William Bolcom has always lived in a world of music. At 4 he was
playing piano and composing; at 11 he was studying piano
at the UW. He picked up his music degree here in 1958, and
after graduate studies became a professor at the University
of Michigan, where he has remained for 30 years.
But
Bolcom is more than a professor. The winner of the 1988 Pulitzer
Prize in Music, he is considered by many to be one of America’s
greatest living composers. His achievements have earned him
the Alumnus Summa Laude Dignatus Award, an award given not
for recent
work but for a lifetime record.
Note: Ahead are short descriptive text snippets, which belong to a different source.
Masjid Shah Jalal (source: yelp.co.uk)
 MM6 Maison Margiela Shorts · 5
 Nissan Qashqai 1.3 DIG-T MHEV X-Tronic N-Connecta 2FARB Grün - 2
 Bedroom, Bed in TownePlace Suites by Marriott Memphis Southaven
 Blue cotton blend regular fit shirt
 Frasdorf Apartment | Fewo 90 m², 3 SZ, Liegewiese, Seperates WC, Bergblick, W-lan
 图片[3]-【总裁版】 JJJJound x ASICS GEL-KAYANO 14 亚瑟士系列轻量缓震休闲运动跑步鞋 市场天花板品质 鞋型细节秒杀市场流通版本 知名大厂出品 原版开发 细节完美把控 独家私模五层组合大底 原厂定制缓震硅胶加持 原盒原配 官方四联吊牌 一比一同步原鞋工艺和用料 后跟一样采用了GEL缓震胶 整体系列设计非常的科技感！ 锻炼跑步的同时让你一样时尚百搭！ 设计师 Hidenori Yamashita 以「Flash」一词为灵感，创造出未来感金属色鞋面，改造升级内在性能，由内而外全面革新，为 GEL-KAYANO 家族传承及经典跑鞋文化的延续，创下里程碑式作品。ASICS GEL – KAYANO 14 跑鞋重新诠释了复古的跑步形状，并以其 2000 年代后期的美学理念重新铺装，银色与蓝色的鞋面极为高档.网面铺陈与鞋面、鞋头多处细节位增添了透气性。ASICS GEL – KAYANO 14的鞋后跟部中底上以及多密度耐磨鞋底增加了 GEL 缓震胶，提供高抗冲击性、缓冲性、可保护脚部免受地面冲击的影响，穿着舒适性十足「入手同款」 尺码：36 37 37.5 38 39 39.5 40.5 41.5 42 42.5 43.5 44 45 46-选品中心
This is the highest honor the
UW can bestow on a graduate.
A
native of Western Washington, Bolcom grew up in a family that
encouraged his talent but didn’t
push him to perform as a child prodigy. He says he listened
to all kinds of music, and he’s
known for his ability to both write and perform all kinds of
music. He’s credited, for example, with reviving ragtime
in the 1970s by recording pieces by people like Scott Joplin.
And on the
other hand he’s composed the score for hit operas like
McTeague and A View from the Bridge.
And Bolcom has found success on the concert stage as well.
He and his wife, mezzo soprano Joan Morris, often tour together,
performing
American popular songs from early vaudeville to present-day
Broadway.
It’s a hectic schedule, but at 64 Bolcom isn’t
ready to retire. He says he has many more songs to write.